Le pergélisol se réchauffe depuis les années 1980 à environ 0,3°C par décade, transformant petit à petit des écosystèmes terrestres en des écosystèmes aquatiques. « Les projections sont encore soumises à de grosses incertitudes », explique Antoine Séjourné, géologue (GEOPS-IPSL), « car les modèles n’incluent pas encore précisément le dégel du pergélisol et ses conséquences sur le cycle de l’eau. C’est ce que nous essayons de faire. Notre principale crainte est qu’une partie du pergélisol dégèle et augmente l’épaisseur de la couche active. »
Avec le réchauffement climatique, les transferts d’eau risquent de s’approfondir, « des éléments chimiques jusqu’à présent prisonniers de la glace seraient dissous dans l’eau souterraine et disséminés dans les lacs et les rivières » explique le chercheur. « Cela modifierait la minéralogie de nos eaux, formerait de nouveaux lacs, effondrerait les sols et mettrait en danger des infrastructures… » Ces conséquences catastrophiques se dessinent au fur et à mesure que les chercheurs affinent leurs analysent et leurs modèles d’études.
« On sait aussi que ce pergélisol renferme environ 1 500 milliards de tonnes de carbone, soit deux fois plus que dans l’atmosphère. Si une partie (environ 5-10% selon les études) de ce stock de carbone est relâché dans l’atmosphère sous forme de gaz à effet de serre, cela ne ferait augmenter encore plus les températures, de l’ordre de 0,1-0,3°C en 2100… C’est un cercle vicieux. » Selon les scénarios les plus optimistes, d’ici à 2100, 30% du pergélisol pourrait disparaître.
Les secrets de la calotte glaciaire en Antarctique
Depuis plusieurs dizaines d’années, l’Antarctique est un véritable continent-témoin pour étudier le changement climatique, ses origines et ses conséquences futures. Si chaque année, les profondeurs glaciaires livrent de nouveaux secrets, ce qui se cache sous la calotte de glace reste encore peu connu. Le projet européen AWARE-ESMs soumis par la climatologue et modélisatrice Masa Kageyama (LSCE-IPSL), a pour ambition de lever le voile sur le rôle de ce continent dans les changements climatiques passés et futurs. Un de ses objectifs est d’intégrer l’activité sous glaciaire dans la représentation du cycle mondial de l’eau, pour mieux prévoir les conséquences futures du changement climatique.

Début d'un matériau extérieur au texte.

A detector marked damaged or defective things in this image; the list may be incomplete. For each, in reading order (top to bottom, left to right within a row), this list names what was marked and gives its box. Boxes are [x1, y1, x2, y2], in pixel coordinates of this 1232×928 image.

La quasi-totalité de la surface de l’Antarctique est recouverte d’une couche de glace de plusieurs kilomètres d’épaisseur, ce qui rend très compliqué l’observation de son sous-sol, qui nécessite des forages. La dernière grande découverte en date est un gigantesque canyon s’enfonçant à 3500 mètres sous la surface mis en lumière par une équipe de chercheurs américains. « Le fait que l’on manque cruellement de représentation détaillée de l’activité sous-glaciaire fait qu’elle est peu prise en compte dans les scénarios des conséquences du changement climatique, » déplore Masa Kageyama.
Or c’est aussi dans ce sous-sol que se joue l’avenir du climat, la calotte glaciaire étant connectée à la fois à l’océan et à l’atmosphère. Grâce aux éléments théoriques existants, à leurs expériences et en s’appuyant sur l’héritage paléoclimatologique, Masa Kageyama et son équipe vont pouvoir incorporer de nouveaux processus dans les modèles existants pour créer un modèle de pointe qui va coupler calotte, atmosphère et océan.
« En incluant ces hautes latitudes dans nos modèles, les prédictions sur le climat seront d’autant plus fines et pertinentes. Cela nous permettra d’apporter des précisions à beaucoup de questions, comme par exemple : pourquoi la calotte fond, à quelle vitesse, quelle sera sa contribution à l’évolution du niveau de la mer… »
Physiciens, atmosphériciens, océanographes, glaciologues, ingénieurs, statisticiens, climatologues… AWARE-ESMs rassemble une quarantaine d’experts, « dont la moitié sont des femmes, » tient à préciser la chercheuse, qui espère pouvoir faire avancer la connaissance grâce à cette interdisciplinarité.